The total consideration of RM1.15bil will be satisfied via issuance of 38.46 million new EPMB shares at RM1.30 per share, issuance of RM100mil redeemable unsecured loan stocks, and RM1bil in cash. In addition to that amount, EPMB will assume MESB's debt, totalling RM550mil. Therefore, the total acquisition value stands at RM1.7bil.
“We have made a presentation to our shareholders, and we have their full support for the acquisition. We are all hopeful that it will conclude soon,” Hamidon said.
“We have done all the necessary due diligence. Our advisors have been doing all the legwork. We also have a good rating, and the funding for the acquisition is in place. We understand there are policy issues that need to be looked at, but we are very keen for the deal to happen. We are a willing buyer and Maju Holdings is a willing seller.”
The acquisition will be funded by both internally-generated funds and borrowings. The bulk of the borrowings will come from issuance of new Islamic securities by Epmex Sdn Bhd, a special-purpose vehicle (SPV) set up by EPMB for the acquisition. The nominal value of the Islamic securities stands at RM1.35bil.
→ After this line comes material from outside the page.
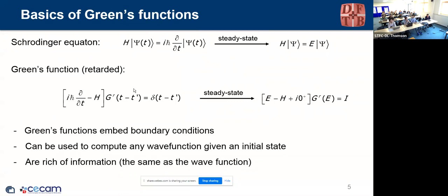You can separate positive time (t minus t prime positive) giving the so-called retarded propagator, and for t less than t prime you have the advanced Green's function. When you Fourier transform to energy, this retarded/advanced distinction maps into a small imaginary part: G retarded goes as one over (E − ε + iδ), where δ tends to zero from the positive side.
Hamidon said the acquisition would take EPMB to a different level.
EPMB's advisors on the proposed acquisition, ZJ Advisory Sdn Bhd director Khong Ho Ming, said the MEX highway like other highways would be cash generating. “We expect a good return from the highway over the remaining concession period of 25 years. Under this period, we will have a stable recurring cash flow,” Khong said.
In terms of the highway's traffic flow projections, EPMB expects future growth to come from areas such as Cyberjaya, Putrajaya and KLIA 2. For the past four years, the traffic flow on the MEX highway had a compounded annual growth rate of 23%. Khong said EPMB expected an average growth in traffic flow of about 5%, over the remaining concession period.
EPMB and the vendors involved in the proposed deal had earlier agreed to extend the period for the fulfilment of the conditions precedent to the acquisition to Aug 14, instead of June 15.
Maju Holdings, which is owned by Tan Sri Abu Sahid Mohamed, has yet to receive the Government's approval for the sale of the highway concession.
If the deal were to go through, Abu Sahid would be left with an indirect interest of 18.2% in MEX through a SPV.
“Once we receive the Government's approval, we will conduct and EGM (extraordinary general meeting) to get our shareholder's approval,” Hamidon said.